# Interesting conversation



## greaseman (Jun 13, 2009)

I recently had lunch with a friend of mine. We both worked together for the same comapny for over 30 years, so you could say I know this man pretty good. We share similiar views on the future of the US, and discuss what we think is going to happen. The interesting part came when he talked a little about his son.

His son is in the military, and has been for 20 plus years. His area of expertice is computers. Plus, he has a high level of security clearance. Obviiously, his son can't tell him anything too much of what he does, or sees, but after a trip to New York city, some interesting tid bits came out in a casual conversation. His son mentioned being in a very large underground facility, and seeing lots of left over supplies from the cold war era. with these supplies were old cb type radios commonly used during that time, for local communication.

My question that comes to mind, is why would they keep that "old" outdated type stuff around, when the best of high tech is available.??? My answer is, that they know what type of solar, sun spot activity is coming, and the old, non solid state type stuff will still work after the solar flares have done their deed.

That's the only answer I could come up with. I'm sure many of the "in the know" people are arare of what's coming, and are getting prepped for the event.
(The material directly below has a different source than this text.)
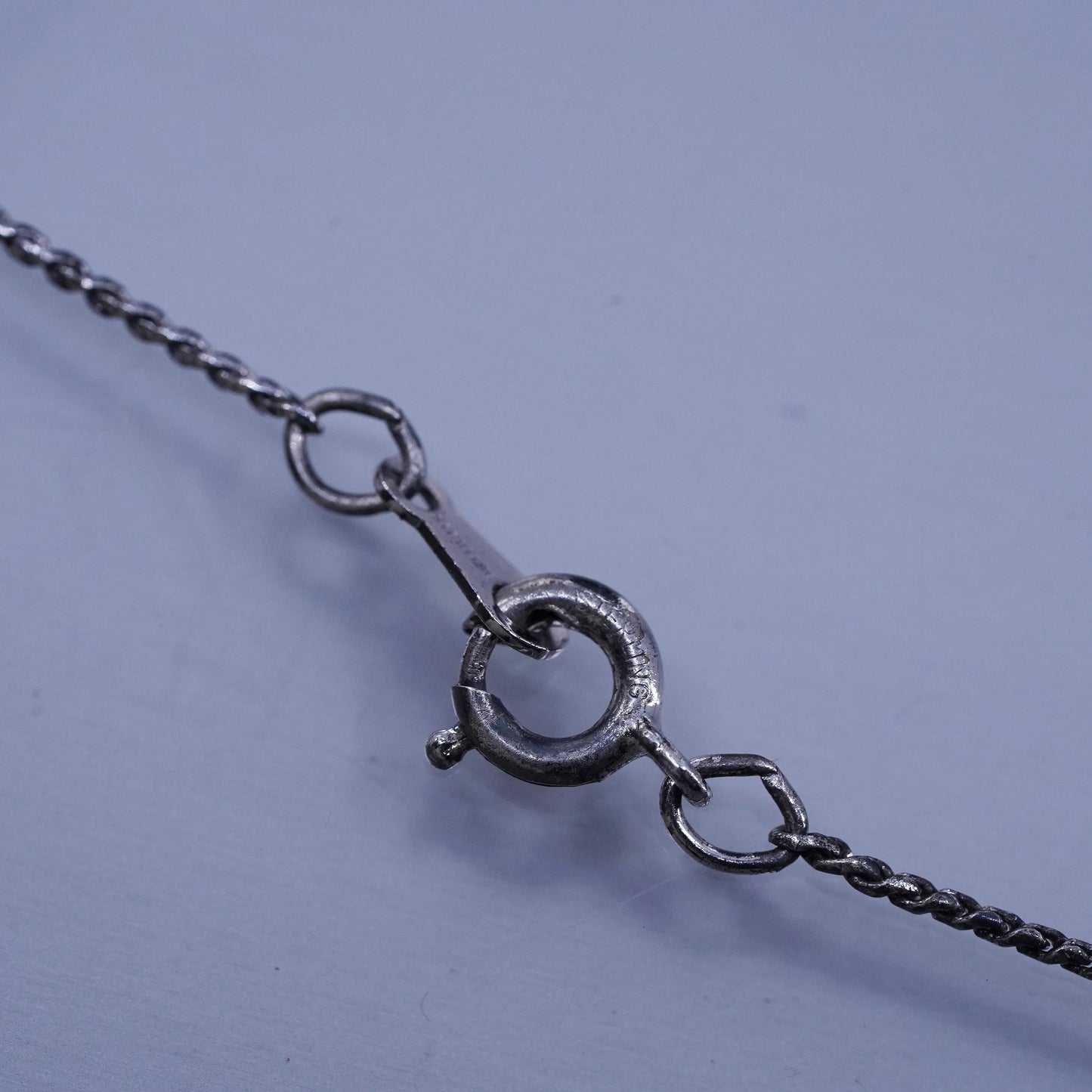 18”, vintage Sterling 925 silver handmade twisted S link necklace pearl pendant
One other recent news item that caught my eye. The local paper showed a picture that a new NASA satelite had taken of a solar flare recently. This satelites sole stated purpose is to take pictures of solar flares. It takes a long time to manufacture a satelite, so the government has ben planning for this satelite a long time. Do you also find it a little curious that NASA would launch this satelite now, and publically state that it's sole purpose is to take pics of solar flares????
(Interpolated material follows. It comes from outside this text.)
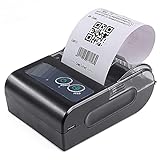 Fesjoy Thermodrucker, 58mm Mini tragbarer Thermodrucker Drahtloser Empfangsdrucker USB BT-Verbindungsunterstützung ESC/POS-Befehl Kompatibel mit Windows Android iOS für Supermarket Store R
My line of thinking tells me that we are going to be having trouble with solar flares in the near future. And all these underground bases that we already know about are being prepped for the elites. The powers that be have a good idea about how bad it's going to get. Since we already have had flare attacks in the past, and have real world evidence as to how bad they can be, we better take notice.
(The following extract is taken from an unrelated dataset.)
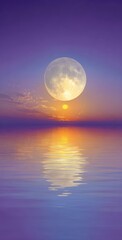 A serene scene of a giant moon over a tranquil sea, reflecting a sunset with a soft purple hue. Gentle ripples adorn the water's surface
What do you guys think????


----------



## CdnMtlHd (Aug 4, 2009)

I am taking notice.

I also believe that the government does know what is really going on and they are planning for it, to save their own skins, not the skins of the people that elected them to their "high-n-mighty" position.


----------



## faithmarie (Oct 18, 2008)

Okay....sooo what happens with solar flares and how do you prepare for that?
Sorry for my ignorance.


----------



## sailaway (Mar 12, 2009)

This sounds like the global warming that Al Gore and the gang are talking about. We believers know that God destroyed the earth with a flood the first time and that the second time it would be with fire. This doesn't surprise me one bit.


----------



## mosquitomountainman (Jan 25, 2010)

faithmarie said:


> Okay....sooo what happens with solar flares and how do you prepare for that?
> Sorry for my ignorance.


Depends upon the severity. At a low dose, solar activity is what gives us the Northern Lights and interferes with some radio transmissions. At a higher dose it's similar to an EMP. At a mega dose? Could be the end of life as we know it. The most likely effect would be like a worldwide EMP.


----------



## horseman09 (Mar 2, 2010)

faithmarie said:


> Okay....sooo what happens with solar flares and how do you prepare for that?
> Sorry for my ignorance.


faithmarie, in 1889? or thereabouts, North America experienced a massive solar storm that knocked out telegraph lines across large parts of the country. Could have been more extensive than that, but not sure. It actually melted the wires and caused wild fires in some areas. Now, these were heavy copper wires -- massive compared to the electronic components we all rely on nowadays. Considering that static from you fingertip can fry some components in your computer, it is claimed that a similar solar storm today could destroy much of the infrastructure in the country, potentially knocking us back into the stone age for 6 months to a year. Exaggerated? I don't know, but at the very least, we all should be................you guessed it -- PREPARED.


----------



## faithmarie (Oct 18, 2008)

Okay now I think I understand...solar flares = EMP...... or death
I have had that scenario in my mind sense reading one second after. I read some where that you can use a medal garbage can lined with a blanket ... so the stuff you put in it doesn't touch the medal.. acts like a FC.
I just bought a geiger counter and a short wave radio to put in the can.


----------



## HarleyRider (Mar 1, 2010)

Do a "google search" on "Faraday Cage" and you will get a lot of info on how to protect your electronics against EMP pulses. I'm definitely keeping my '87 Harley - no computers or electronics to get fried by EMP and I'll still be riding high if the big flare comes. :2thumb:


----------



## sinbad (Oct 27, 2009)

I am from another country and my views do not necessarily apply here but seeing enough "government" works of all types, it seems to me that storing that stuff was nothing but typical governmental red tape in its best, or worst. 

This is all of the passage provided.